Cost of Corrosion – Waterways & Ports
In the United States, 40,000 km (25,000 mi) of commercial navigable waterways serve 41 states, including all states east of the Mississippi. Hundreds of locks facilitate travel along these waterways. In January 1999, 135 of the 276 locks had exceeded their 50-year design life. U.S. ports play an important role in connecting waterways, railroads, and highways. The Nation’s ports include 1,914 deep water (seacoast and Great Lakes) and 1,812 along inland waterways. Corrosion is typically found on piers and docks, bulkheads and retaining walls, mooring structures, and navigational aids.

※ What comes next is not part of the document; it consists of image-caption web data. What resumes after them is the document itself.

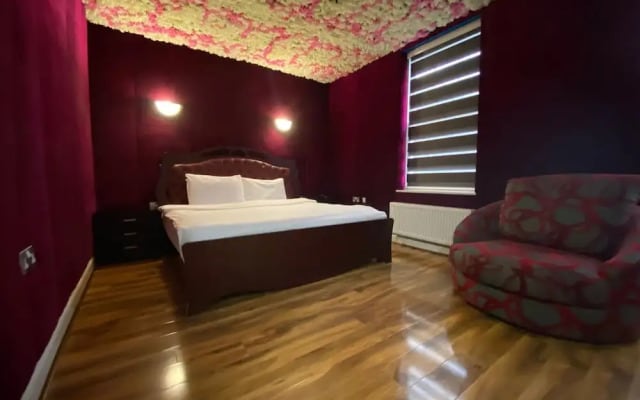 Baylis Park Hotel
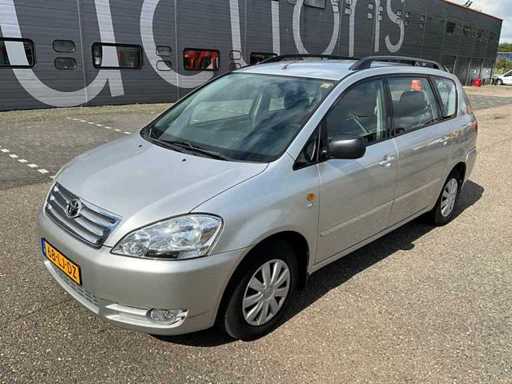 2003 Toyota Avensis Verso 2.0i 7 Seater Passenger Car 68-LJ-DZ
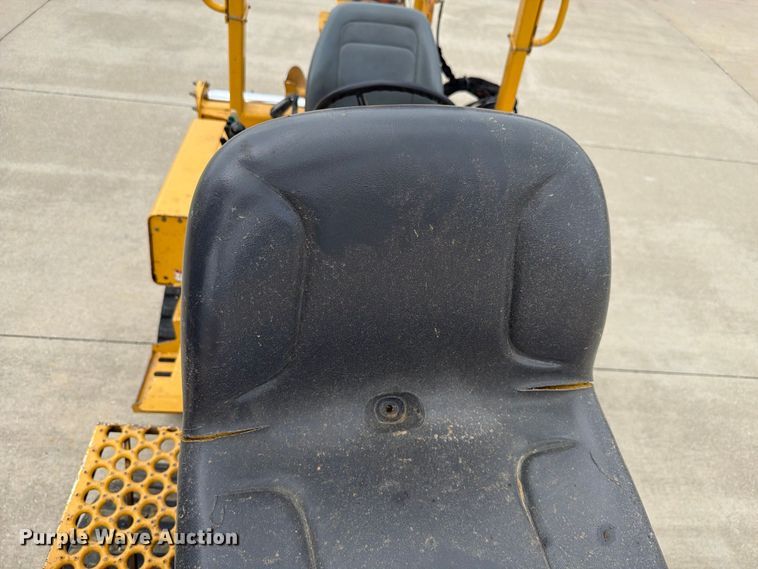image for item EX4605 2001 Vermeer RXT450 trencher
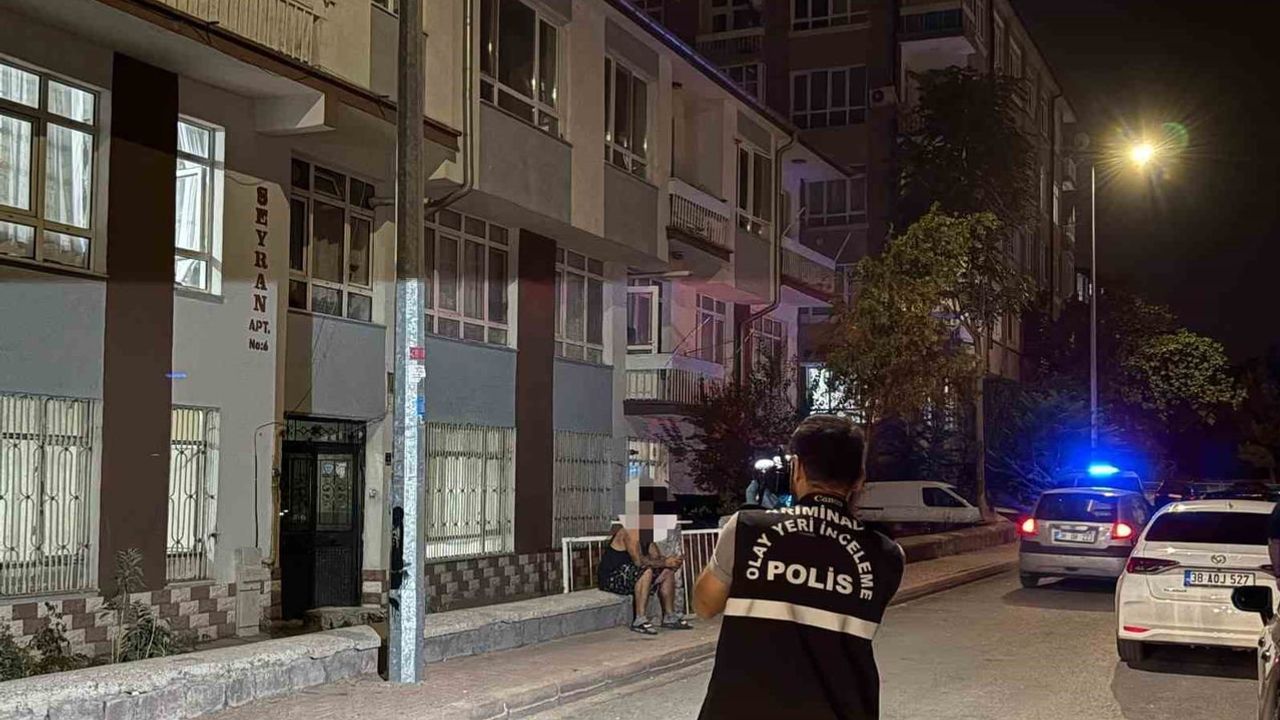 Kayseri'de evde başlayan tartışma bıçaklı kavgaya dönüştü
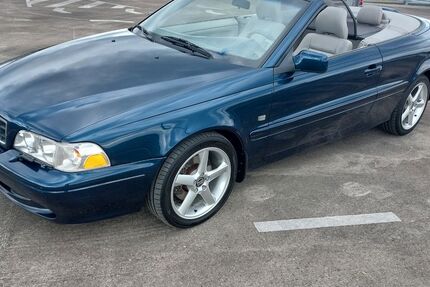 Volvo C70 224.138 km 4.850 &euro; Düsseldorf 40589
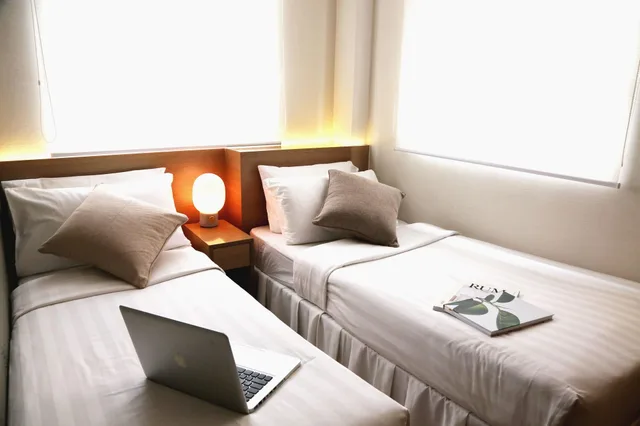 Adjoining, Twin Beds, Bridal Tea House Hotel Yau Ma Tei 2/4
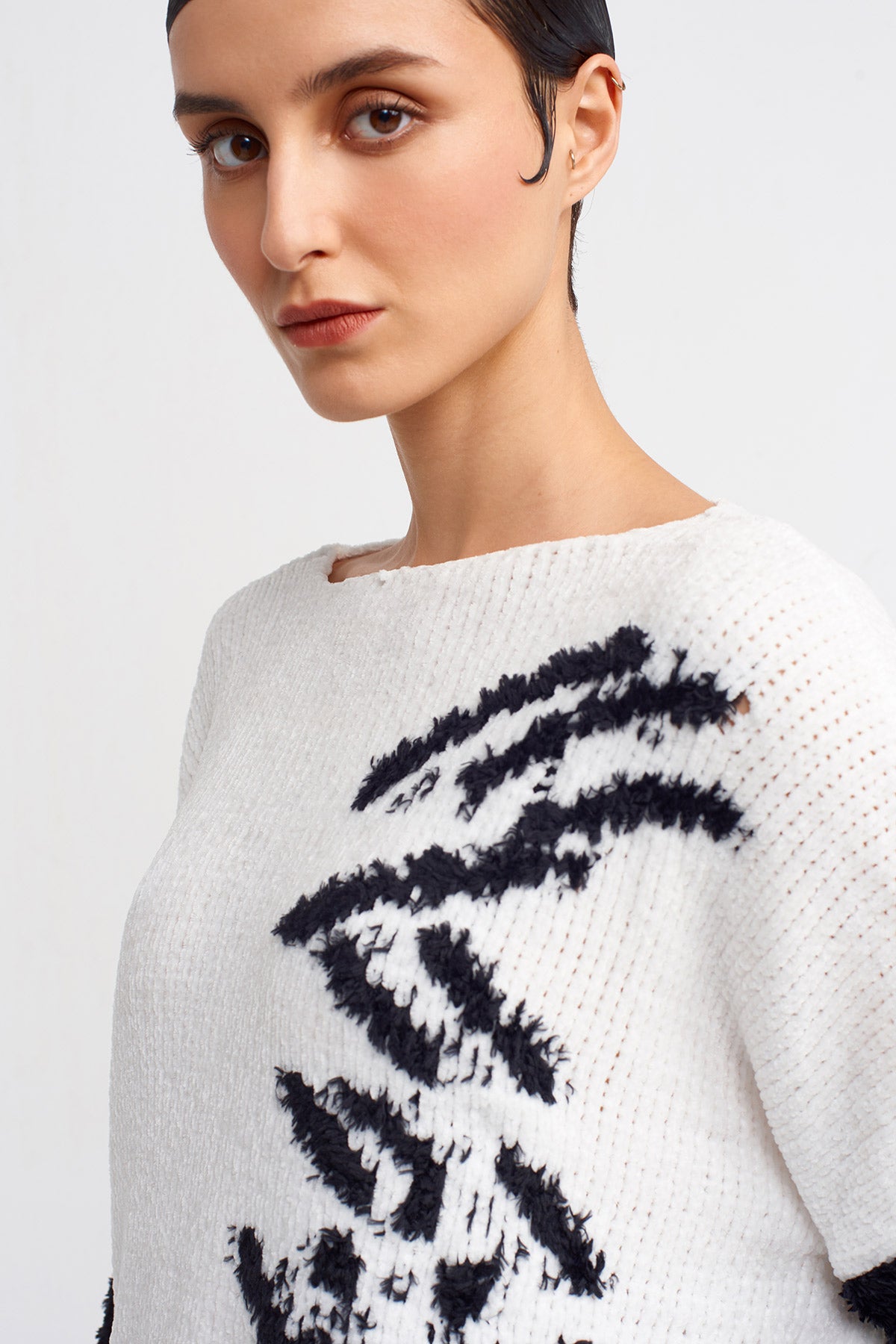 White / Black Two-Tone Knit Sweater-Y241011028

There is no formal tracking of corrosion costs in these structures. Based on cost numbers obtained from the Army Corps of Engineers and Coast Guard, an annual corrosion cost of $0.3 billion could be estimated. It should be noted that this is a low estimate since the corrosion costs of harbor and other marine structures are not included.
Corrosion is typically found in piers and docks, bulkheads and retraining walls, mooring structures, and navigational aids. There is no formal tracking of corrosion-related costs. The Army Corps of Engineers estimated annual corrosion-related cost on locks and dams to be approximately $70 million at five percent of the operation and maintenance budget of $1.4 billion. Because of the aging of the structures, however, high replacement costs are anticipated, due in part, to corrosion. The annual corrosion cost of ports and waterways owned and/or operated by public port authorities is estimated at $182 million.